What is the best story you guys have about getting a kitten?


----------



## howsefrau32 (Mar 6, 2013)

This reminded me of the story of how I got my cat Stinky, from the humane society. I was 19, and went to the Humane Society with my then boyfriend for a kitty. I was looking at this cute, orange, playful kitty that was batting at me through the cage, while the boyfriend was looking at this terrified kitten huddled and hissing in the back of the cage. He said the same thing your dad said "no one is going to adopt this cat", and he figured surely it would die. So we decided to bring the cat home. They had one tough time getting him into the box which shook all over like it was going to explode. As soon as we got this little tiger kitty home, opened the box, he flew behind the refrigerator and I could not coax him out. But when I woke up in the morning, he was sleeping next to my leg....cuddled right up against me. The moment I moved, he ran again, but every night he returned to sleep next to me. He was so feral it was not even fathomable to me how he was caught. He eventually came around to love me, when he felt like it, but he hated everyone else. When I eventually got married and had my first baby, it became clear that Stinky was very dangerous to have around a baby, he tried to get at her, he would hiss at her, as soon as she was crawling around, it was clear we had a problem. I ended up sending him to live with the ex boyfriend that I had adopted him with....it had been his cat also, and he loved him and was the only other person in the world that Stinky did not want to kill, but it was traumatic for me to send him away. I tried everything to make it work. Stinky lived with him until he was about 14 and then passed away. The funniest thing about this cat, he hated other people, but I had a baby bird that I hand fed, and he was so gentle with the bird that he would lick the food off the birds face after I fed it....and was so gentle with it, and when the bird was older, he would let it climb on his back and walk around on the ground with it. How weird was that for a feral cat?


----------



## 10cats2dogs (Jun 16, 2013)

My very first cat. I was in my late 20s and married, we moved into a brand new house 
and not to long later this little tiny black kitten showed up. I tried to ignore it but it just stayed huddled by the front door, well
my then hubby knew I couldn't stand to watch anything suffer...I got kitten food to feed her and all my, she was a hungry little thing! I also had a dog then that didn't like cats, one day I had front door open, only screen door closed and I heard my dog whining so I went to see what was going on, well the kitten was standing with
her paws on the screen door and her and my dog were snifffing noses and my dog
was wagging her tail! I knew at that point
we were going to have a cat! (Found out hubby was hoping for that!)
We named the kitten Jezebell and her and
my dog were best friends. She stayed with
him when we divorced, but whenever I'd
visit she would still greet me...she never
forgot. When he called me several years
ago to tell me she had died, he was choked up and I started crying.
Little Jezebell lived to be 21 yrs.
Its because of her specialness, that I became a cat lover and I still get misty eyed when I remember her. Sigh...♡

Sent from Petguide.com Free App


----------



## DeafDogs&Cat (Mar 27, 2013)

I grew up with 2 cats. They were awesome cats, friendly, cuddly, sweet. They were 15 when they both died. I was 16. And as much as we missed them and cats in general, were were all allergic to them so we never got another cat. My allergies were so bad, I would have asthma attacks if I was around a cat for more than a few minutes. But, in the way of allergies, they changed over time until I could be around them longer and longer. Until I could actually live with them. So, as a gift to myself on my 31st birthday, I decided to add a cat to my 3 dogs. 

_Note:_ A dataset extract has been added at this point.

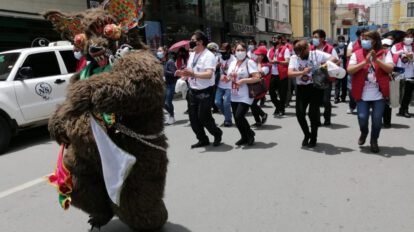 Vacunación Oruro en la campaña 'Solo faltas tú, vacúnate'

Now this cat would have to like dogs... infact I wanted one who would play with Mouse as she LOVES playing with cats. I wanted one that wouldn't run from the dogs and trigger Ollie's prey drive. I wanted a cat I would be able to bath because my allergies, even though they're nearly gone, they are still mild. I wanted one that wasn't picky about food and was food motivated so I could teach it tricks. And finally, I wanted one that was playful and cuddly with me, as I want one that was like my previous cats. 

Now, I didn't think I could find an adult that fit my criteria, but I didn't really want a little kitten either. I prefer adopting adult animals as they are harder to adopt out. I couldn't find any that would fit at any of the rescues and shelters nearby. So I started looking on kijiji.

Three days into looking on there for a cat or kitten to fit my home the first cat up was a white one with blue eyes... I thought to myself "wouldn't it be cool of he was deaf? (Two of my dogs are mostly white, deaf dachshunds) So I clicked on the pic and low and behold... he was deaf and he seemed to fit my criteria! I phoned up the lady and he sounded too good to be true... and she said the same of me! We met and he was a perfect match in EVERY way! 

It's like fate or whatever said "ok Sara's looking for a cat... well here he is! " and Munch was mine


----------



## Marcia (Dec 26, 2010)

The only kitten we've ever adopted was Billy. We'd already had Annie and Maggie (mom and not-right-in-the-head daughter) and we wanted a third cat. We went to the SPCA but didn't see anyone that really grabbed our attention. Just as we turned to leave a little tuxedo reached his paw out and tagged me! TAG YOUR IT, this little 16 week old kitten said and that was all it took! He tagged our hearts with his and we had 13 happy years with Billy!!

I love all these great adoption stories!!!!


----------



## librarychick (May 25, 2008)

My guys were all...unplanned kittens. lol.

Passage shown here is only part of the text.